All of lore.kernel.org
 help / color / mirror / Atom feed
From: "Alex Bennée" <alex.bennee@linaro.org>
To: qemu-devel@nongnu.org
Cc: Pavel.Dovgaluk@ispras.ru, vilanova@ac.upc.edu, cota@braap.org,
	"Alex Bennée" <alex.bennee@linaro.org>,
	"Paolo Bonzini" <pbonzini@redhat.com>,
	"Peter Crosthwaite" <crosthwaite.peter@gmail.com>,
	"Richard Henderson" <rth@twiddle.net>
Subject: [Qemu-devel] [RFC PATCH 07/21] accel/tcg/cputlb: convert tlb_flush debugging into trace events
Date: Fri,  5 Oct 2018 16:48:56 +0100	[thread overview]
Message-ID: <20181005154910.3099-8-alex.bennee@linaro.org> (raw)
In-Reply-To: <20181005154910.3099-1-alex.bennee@linaro.org>

Given the range of costs for various SoftMMU TLB operations from
deferring work for the currently running vCPU to bring the whole
emulated machine to a stop for synchronised updates simple counters
are less useful. Instead we log events via the trace infrastructure
and we can then post-process the data in a range of ways.

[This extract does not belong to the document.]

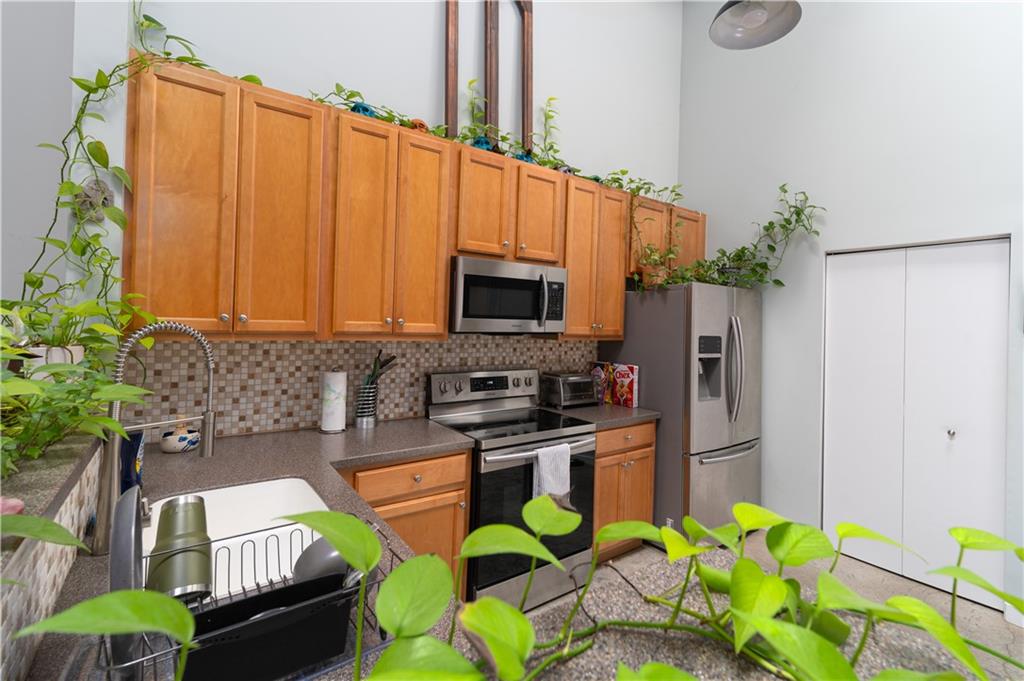174 Chester Avenue SE 142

  tlb_flush_self - the vCPU flushed its own TLB
  tlb_flush_async_schedule - work was scheduled and the vCPU kicked
  tlb_flush_synced_schedule - exclusive work was scheduled on a vCPU
  tlb_flush_work - scheduled work was done
  tlb_flush_work_complete - scheduled work was completed

We can use the difference between the work being scheduled and
tlb_flush_work to calculate the latency introduced.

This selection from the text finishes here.